# WHAT THIS TASK INVOLVES:
Would it be possible to output exactly, and only, the lines below from the one holding "Laurence Dacade Leather Moto Boots" to the last line, both included, with every picture left out?

# MATERIAL FOR THIS EXERCISE:
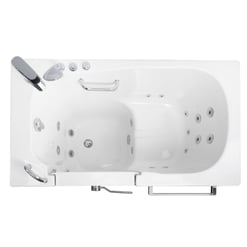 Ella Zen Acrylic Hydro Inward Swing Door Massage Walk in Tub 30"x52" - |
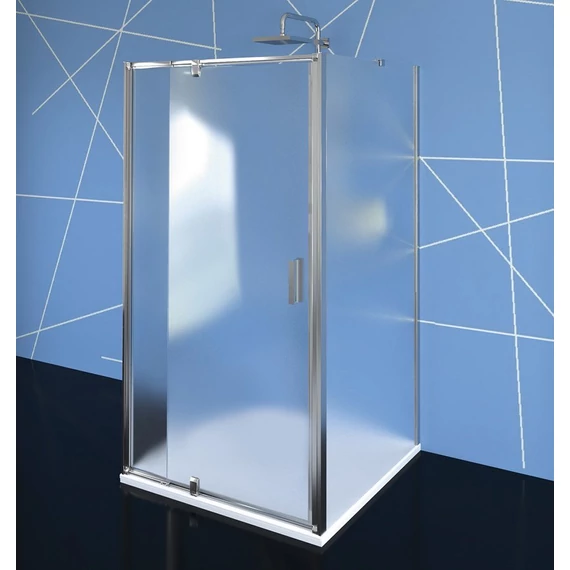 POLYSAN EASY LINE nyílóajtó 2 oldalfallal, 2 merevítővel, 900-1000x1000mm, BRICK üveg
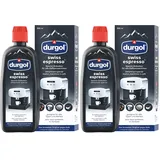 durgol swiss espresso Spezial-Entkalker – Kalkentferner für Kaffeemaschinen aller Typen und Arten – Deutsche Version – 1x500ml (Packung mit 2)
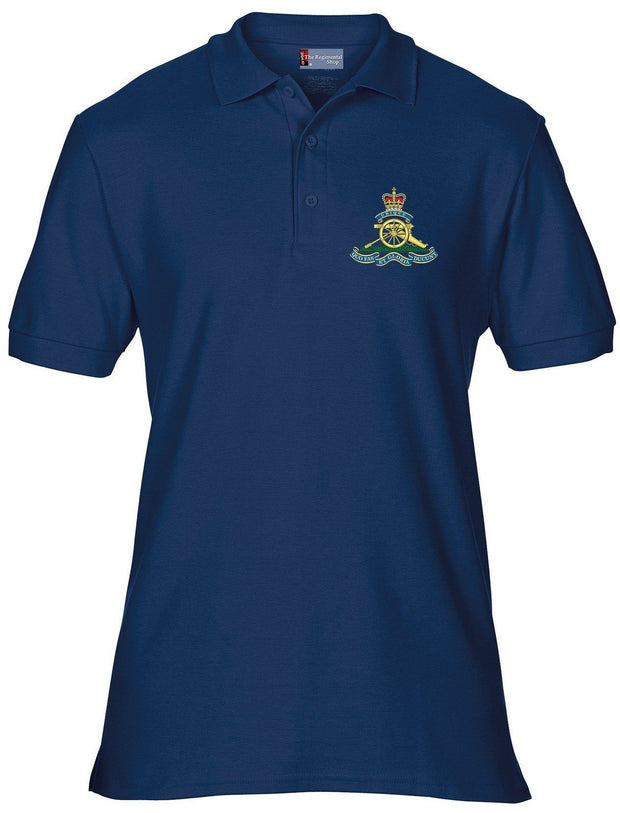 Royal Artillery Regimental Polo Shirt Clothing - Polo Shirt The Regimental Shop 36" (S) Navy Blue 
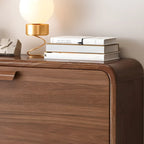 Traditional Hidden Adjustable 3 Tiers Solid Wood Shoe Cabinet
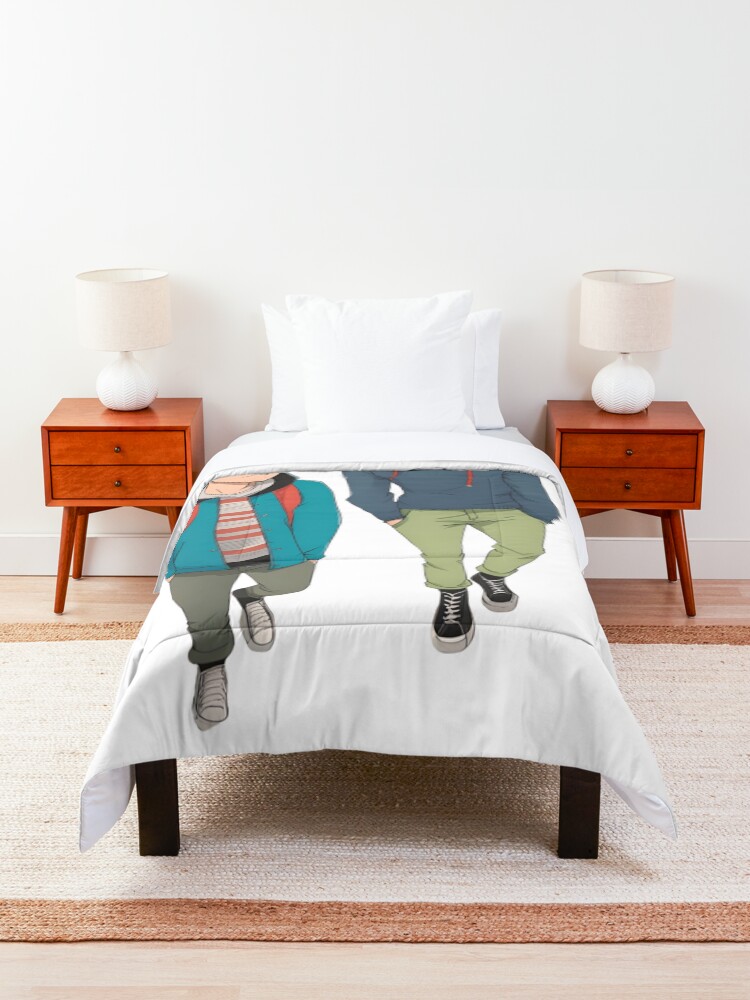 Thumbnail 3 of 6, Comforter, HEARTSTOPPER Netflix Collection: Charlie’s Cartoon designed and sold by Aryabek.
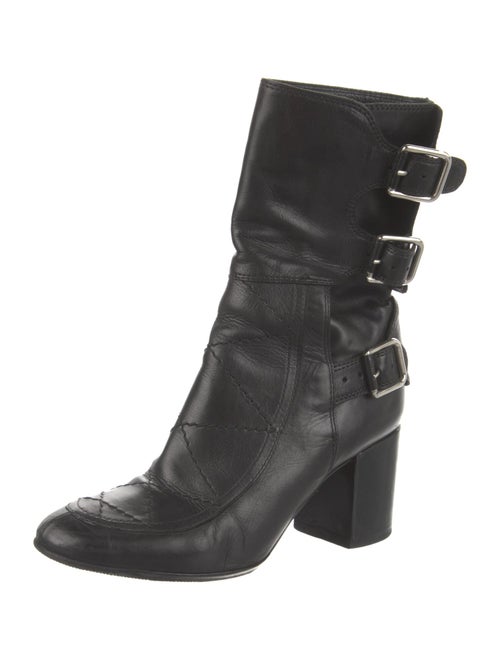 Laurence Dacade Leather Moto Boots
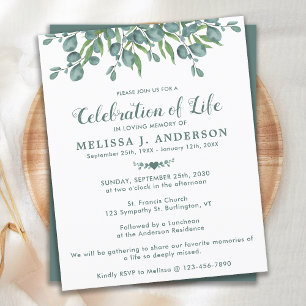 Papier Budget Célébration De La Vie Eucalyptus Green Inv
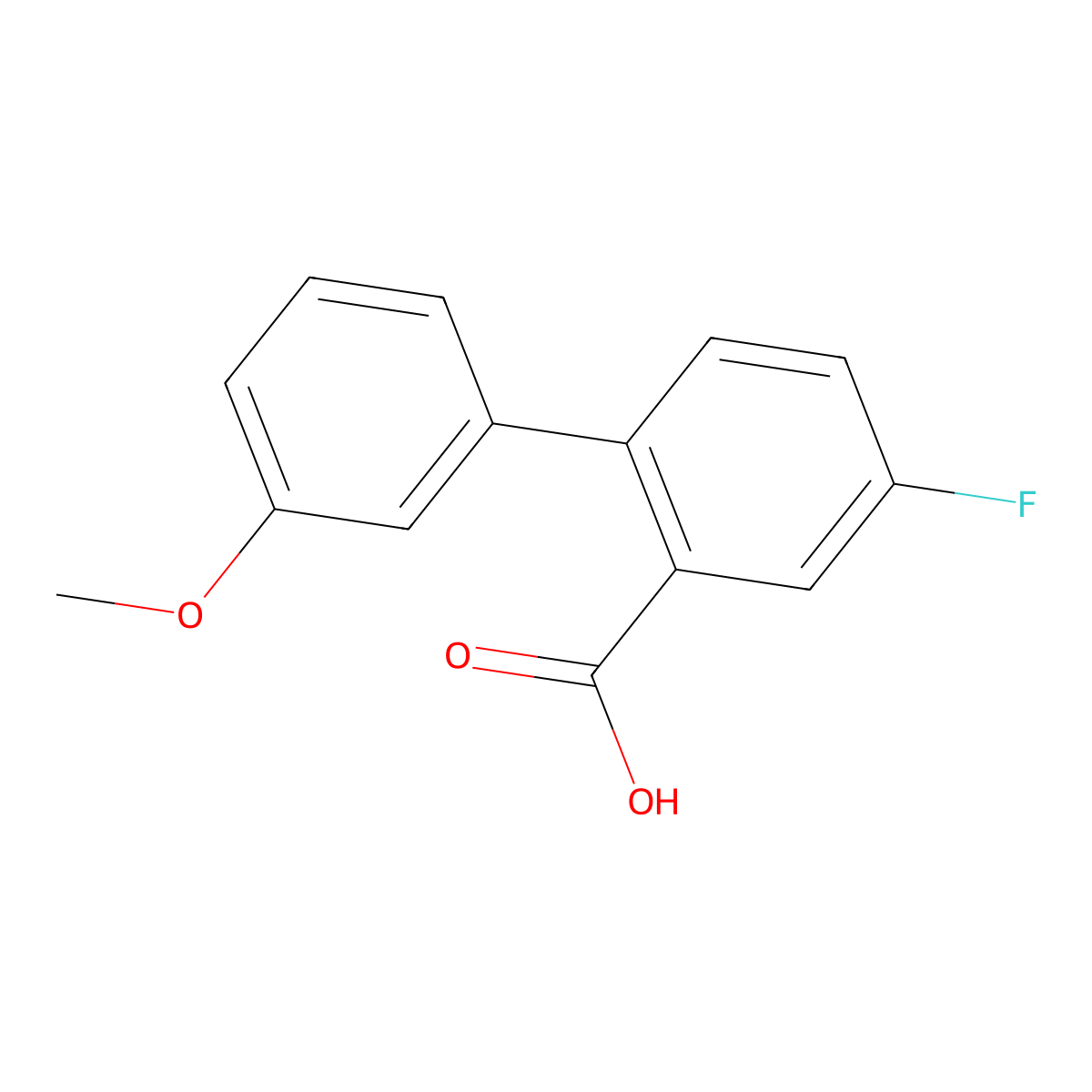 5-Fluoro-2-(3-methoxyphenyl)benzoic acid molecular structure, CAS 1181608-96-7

# RESULT FOR THIS TASK:
 Laurence Dacade Leather Moto Boots
 Papier Budget Célébration De La Vie Eucalyptus Green Inv
 5-Fluoro-2-(3-methoxyphenyl)benzoic acid molecular structure, CAS 1181608-96-7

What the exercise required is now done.